Lilong (li=community, long=row) is a residential quarter consisting of several connected passages, in which individual shikumen are arranged in a row. Some of these passages open onto public city streets, and there is usually an ornate archway and a gate that is locked at night.
Passages are semi-public spaces and most of them can be entered freely today, with much less discomfort than when entering a modern Beijing hutong. That semi-public space is bridged by a series of steel pipes for drying laundry, incredible amounts of electrical cables and other installations are carried through it, bicycles and motorcycles are parked there, chickens are slaughtered and vegetables are chopped… all this in that two-three meter width. However, those who spend their childhood there never forget it, and thus life in shikumen has become an indispensable ingredient of the old Shanghai romance. In its heyday, the sprawling network of Shanghai lilongs was an ideal venue for a variety of illegal and semi-legal activities. Gambling, the opium trade and prostitution flourished in them, and in the most elegant shikumen Western guests were entertained by sing song girls, the Shanghai version of Japanese geisha. Foreigners liked them so much that there was a mandatory item in the annual municipal budget for foreign concessions: the maintenance of sing song bars. The Shanghai police showed no desire to enter the lilong network and deal with illegal activities, which, as it was believed, did not threaten the life of the city anyway, but gave it an additional charm.

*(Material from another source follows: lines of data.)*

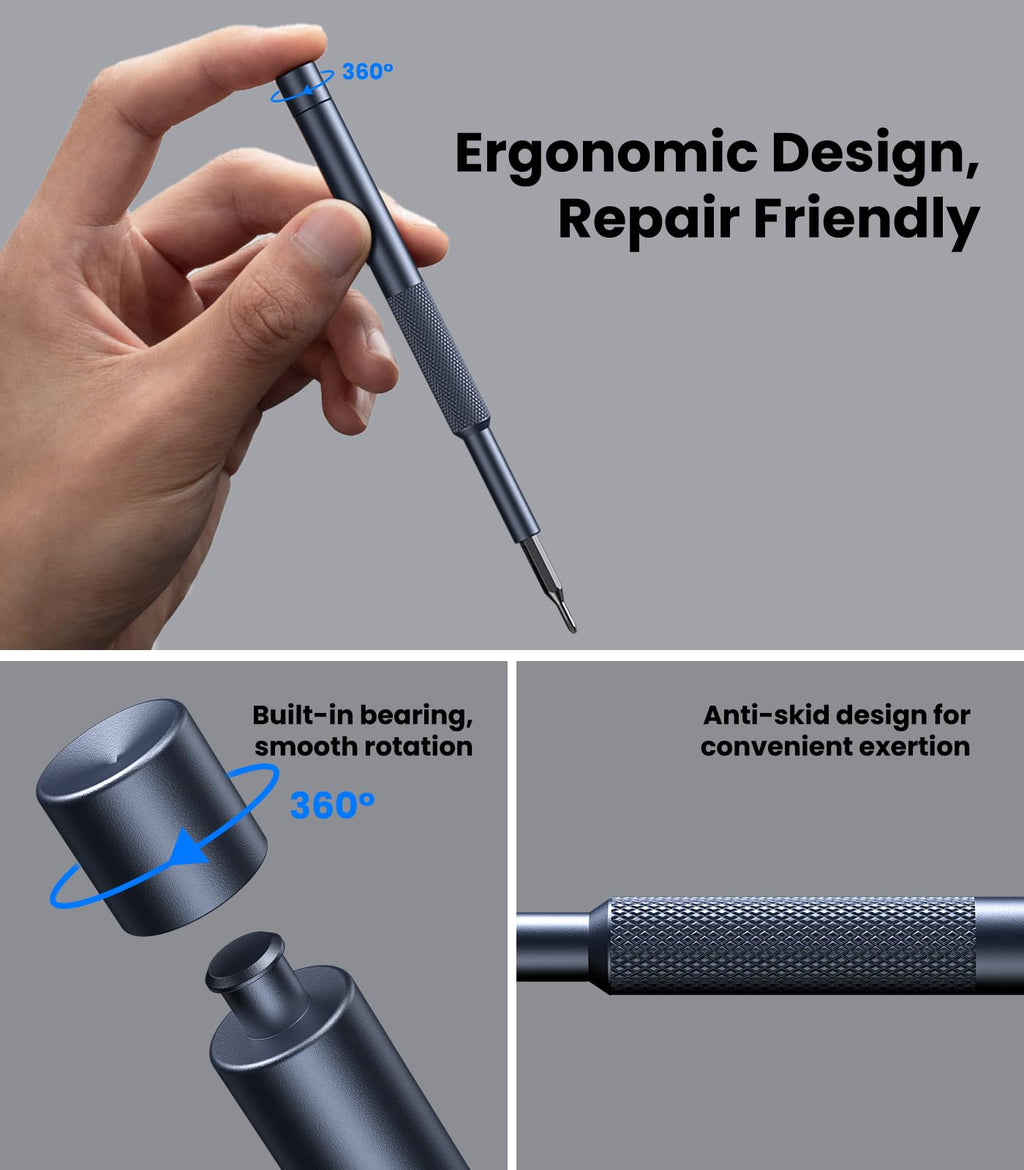 AXTH 50-in-1 Precision Screwdriver Set, Professional Magnetic Small Repair Tool Kit for Electronic Devices, Mini Screw Driver with Flat, Philips, Torx, Hex, Pentalobe, Triwing, Triangle and More
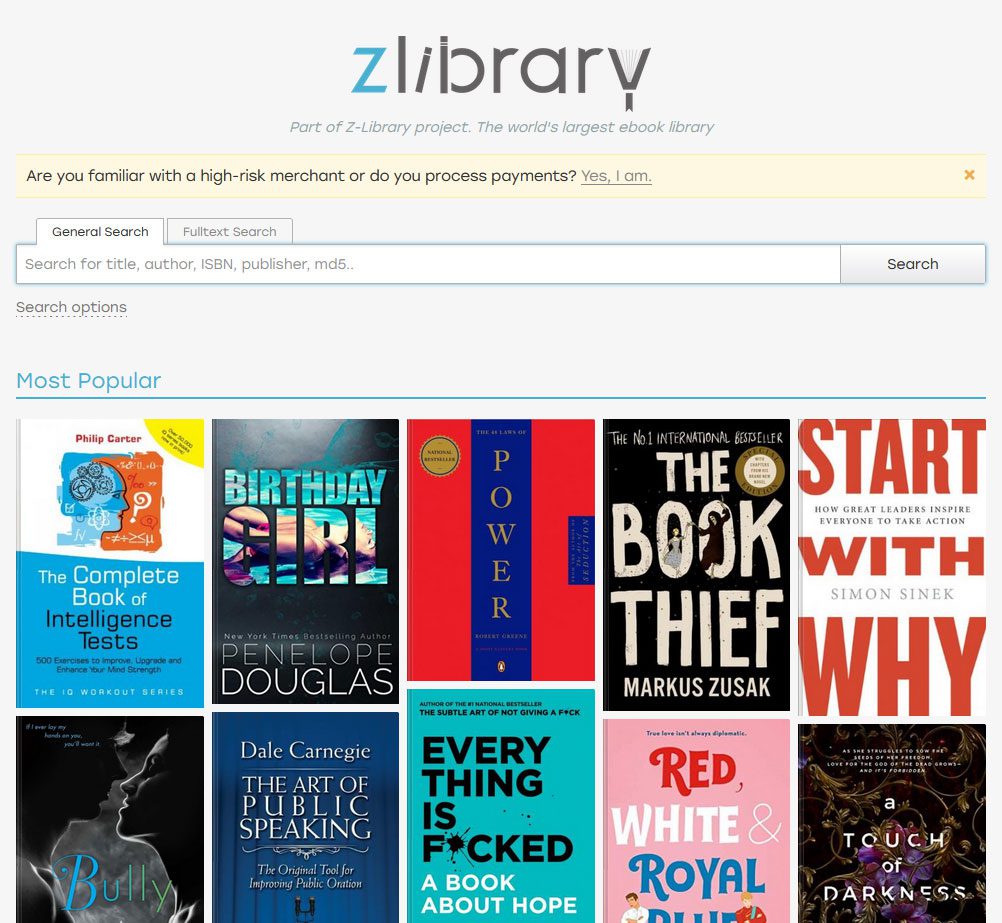 Page d'accueil de Zlibrary bibliothèque d'ebook gratuit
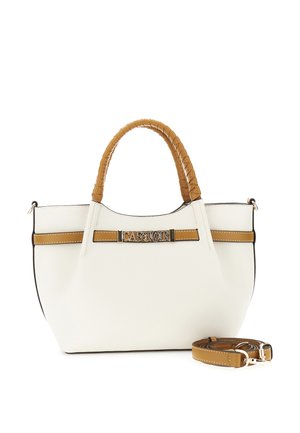 Bílá texturovaná kabelka s hnědými pletenými rukojeťmi, odnímatelným hnědým ramenním popruhem a zlatým logem "CAFE NOIR" na předním vodorovném proužku.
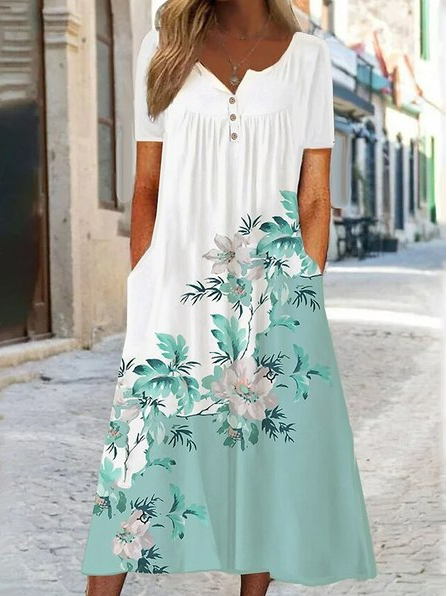 

V Neck Casual Loose Dress With No Belt, Green, Dresses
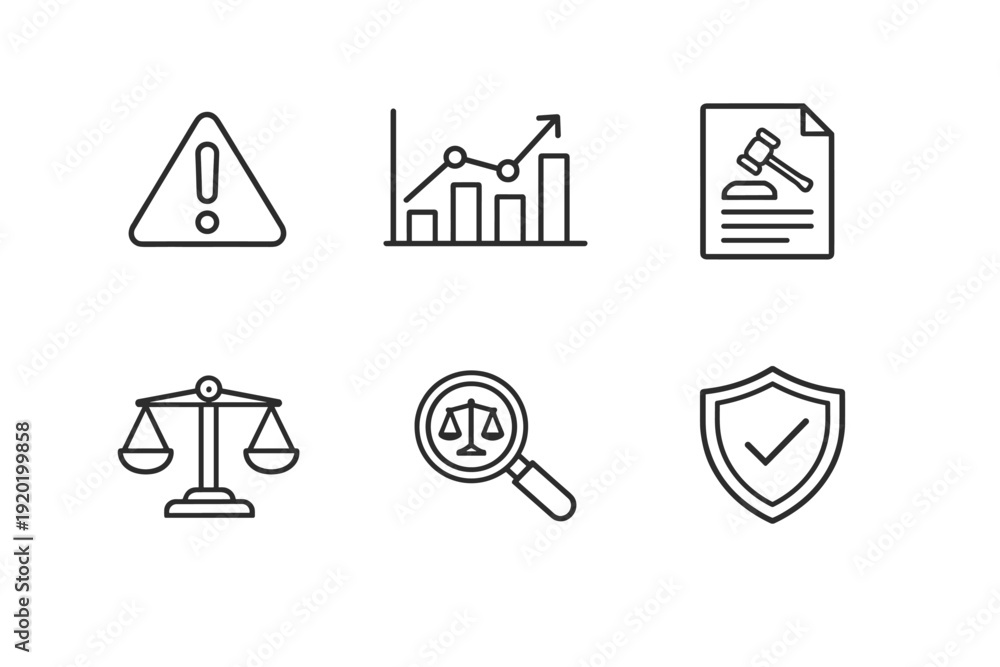 Fototapeta premium Minimal black outline legal and compliance icons set featuring warning, analytics chart, document, justice scales, magnifier, and shield checkmark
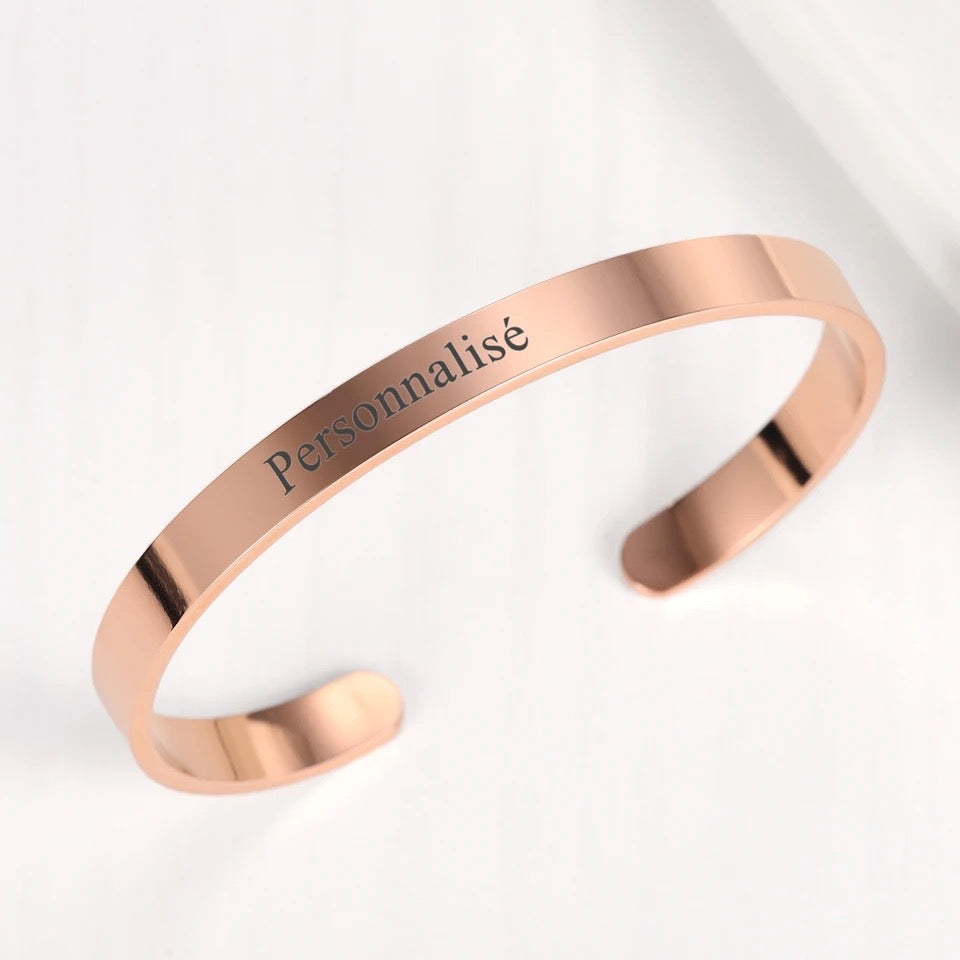 Personalised Arabic Name Engraved Cuff Bracelet | WOMEN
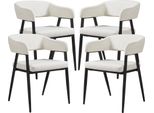 Set Di 4 Sedie Da Sala Da Pranzo "Kohlmand"" Imbottite In Tessuto Intrecciato Beige"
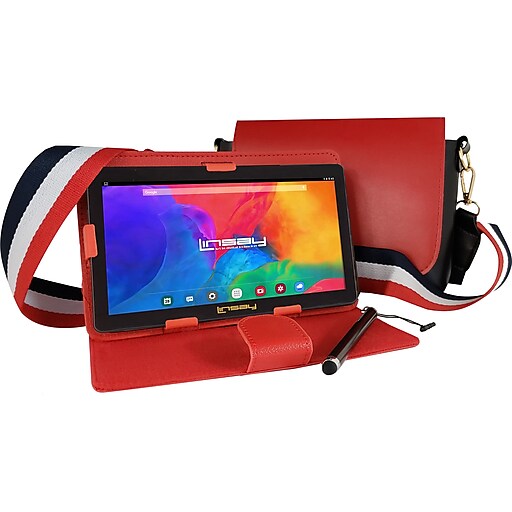 Linsay 7" Tablet with Stylus, Case, and Handbag, 2GB RAM, 32GB, Android, Red (F7UHDCOOLRED)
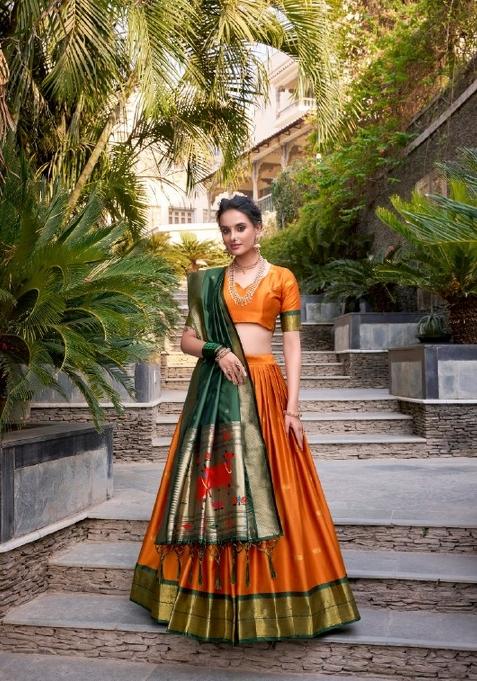 Orange Zari Work Silk Blend Lehenga Set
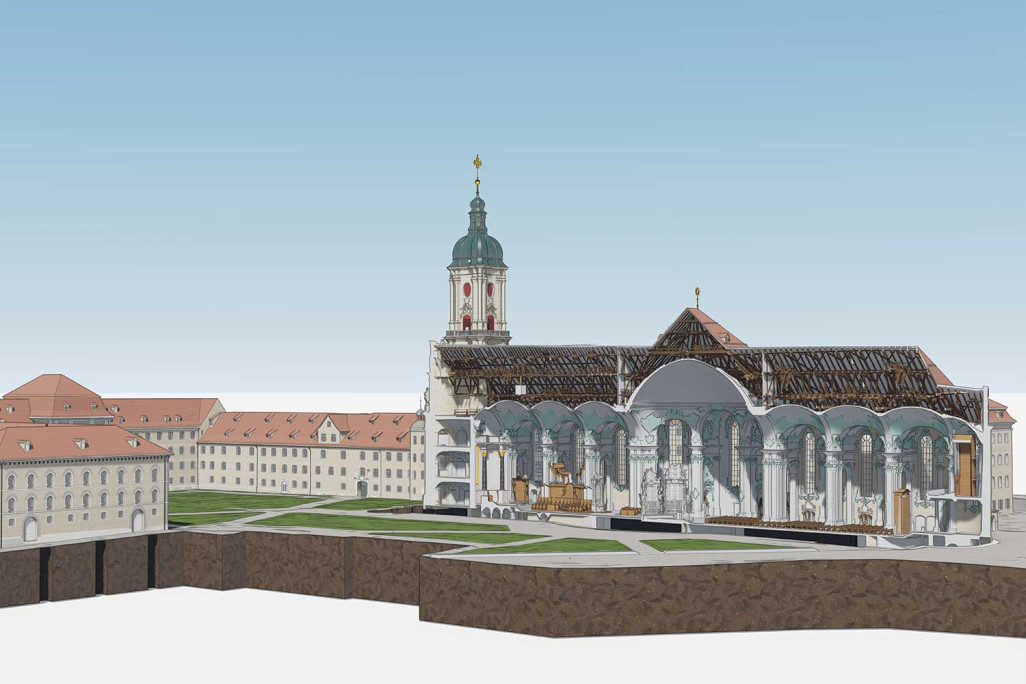 St. Gallen Stiftsbezirk, Gebäudeaufnahme, Längsschnitt Kathedrale aus 3D-Modell, HMQ AG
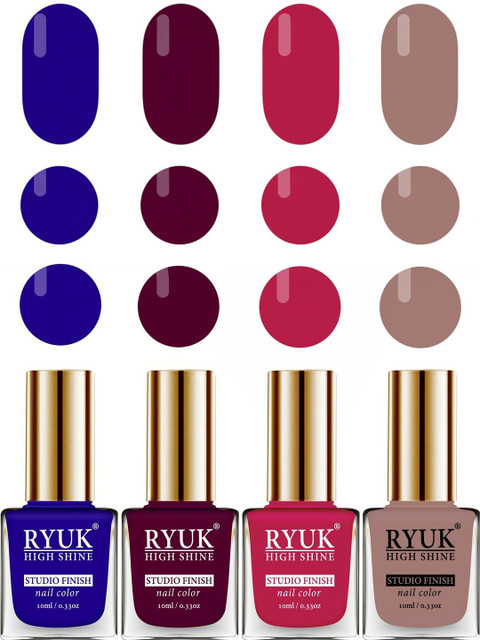RYUK Set Of 4 High Shine Nail Color - 10 ml Each- Royal Blue-Dark Maroon-Red Magenta-Brown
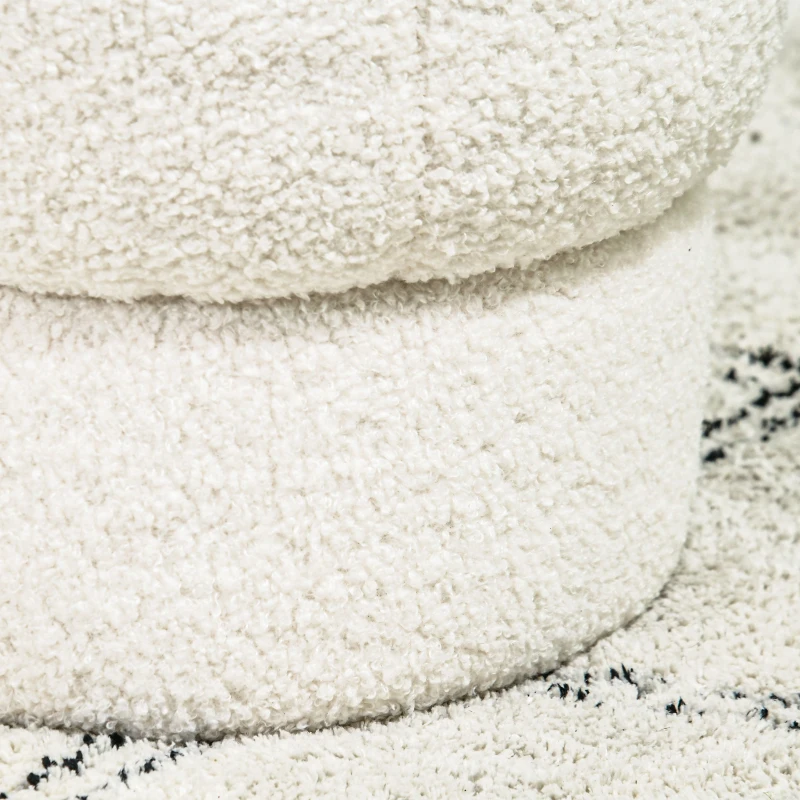HOMCOM Round Ottoman, Upholstered Foot Stool, Teddy Fleece Fabric for Living Room, Entryway, White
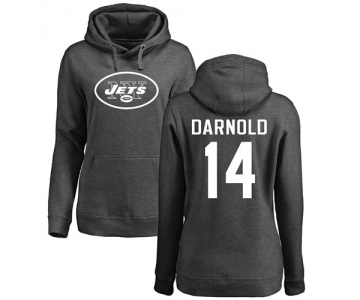 Football Women's New York Jets #14 Sam Darnold Ash One Color Pullover Hoodie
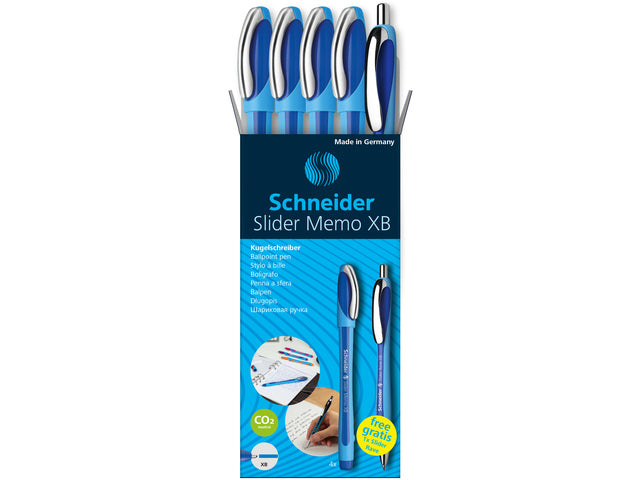 Balpen Schneider Memo XB blauw 4e. + 1x Gratis Slider Rave blauw in etui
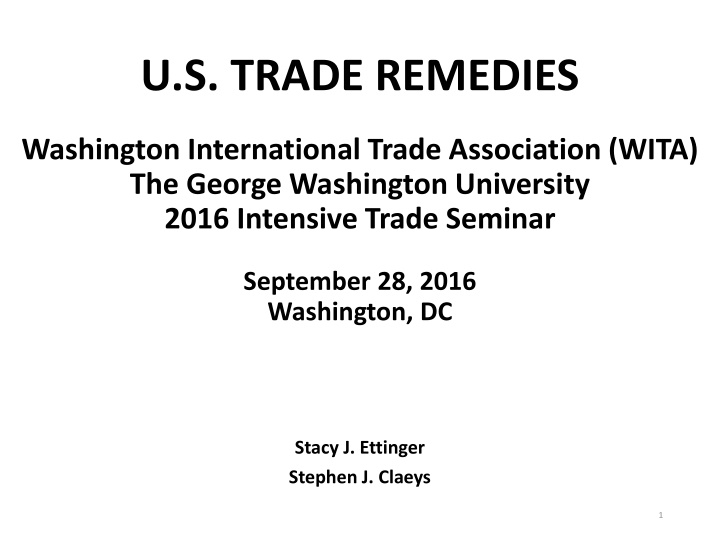u s trade remedies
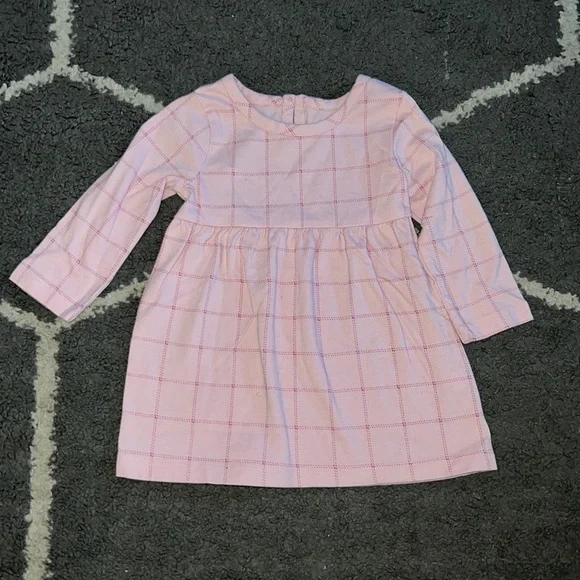 wonder nation | Dresses | Wonder Nation Baby Girl Fox Knit Pink Check Long  Sleeve Dress Size 36m | Poshmark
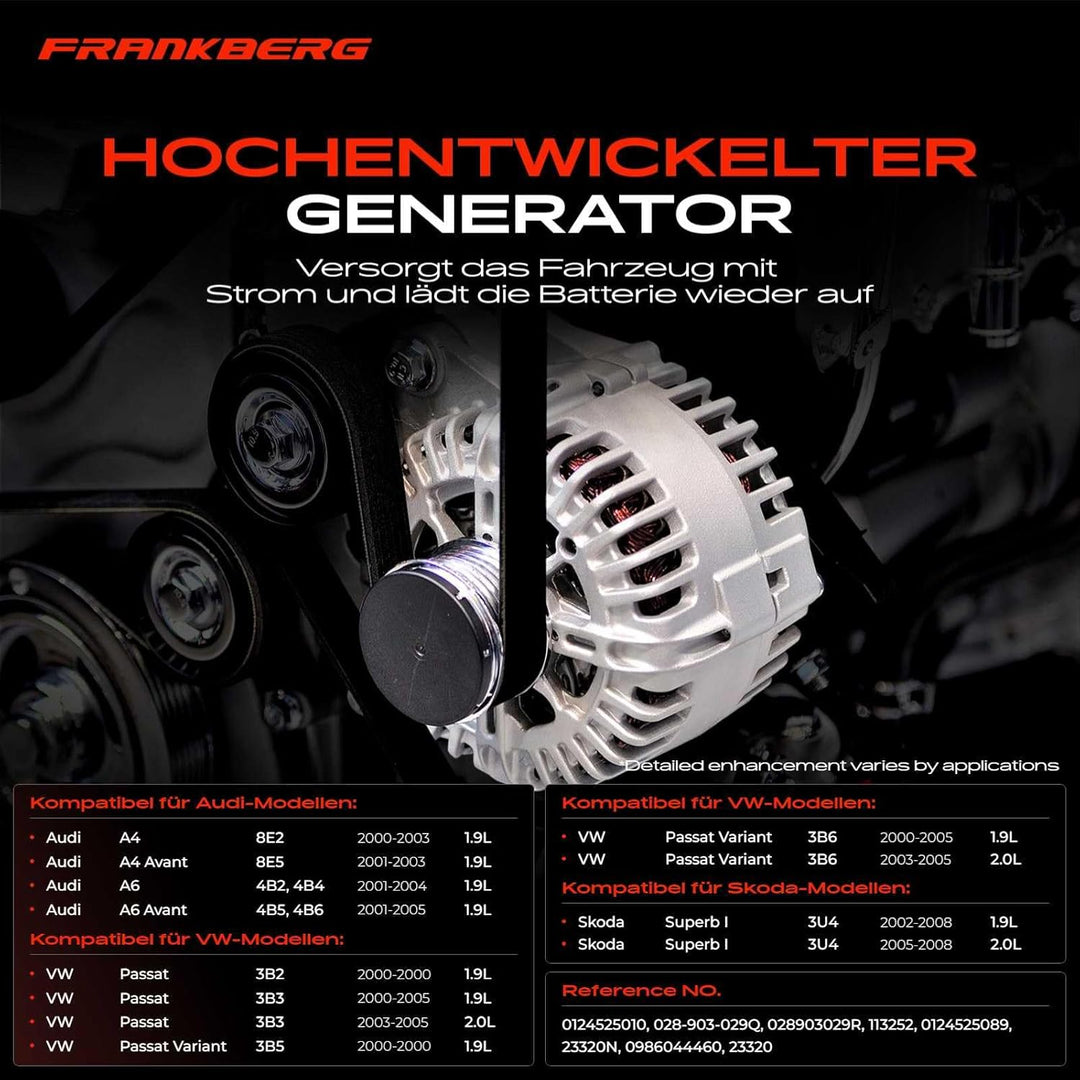 Frankberg Lichtmaschine Generator 140A Kompatibel mit A4 8E2 1.9 TDI 2001-2003 A6 4B2 1.9 TDI 2001-2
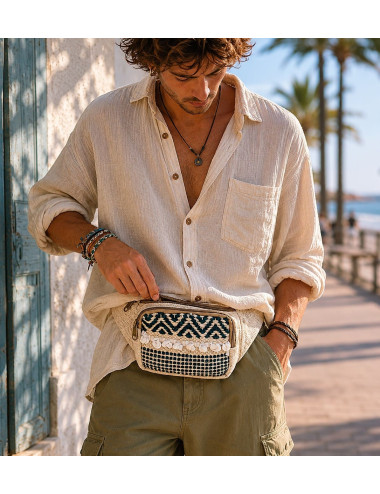 Boho Cotton Fanny Pack with Fringe and Pom-Poms | Kimago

But one specific subversive activity, started in Shanghai’s Lilongwe, will eventually come to the head of both Chinese authorities and foreign concessions, and turn people’s lives all over China upside down. Namely, the Chinese Communist Party held its first congresses in remote, inaccessible Shanghai lilongs and thus, with the sing-song song of girls, in an atmosphere saturated with revolutionary enthusiasm and opium fumes, it gloriously began its victorious path to the conquest of absolute power.
Although in today’s Shanghai, the old skyscrapers are being torn down to make way for modern skyscrapers, there are still enough of them and, at least for the moment, their survival is not threatened. Life in them is almost as romantic as it was a hundred years ago, and the impression is that the Shanghai public knows how to appreciate that.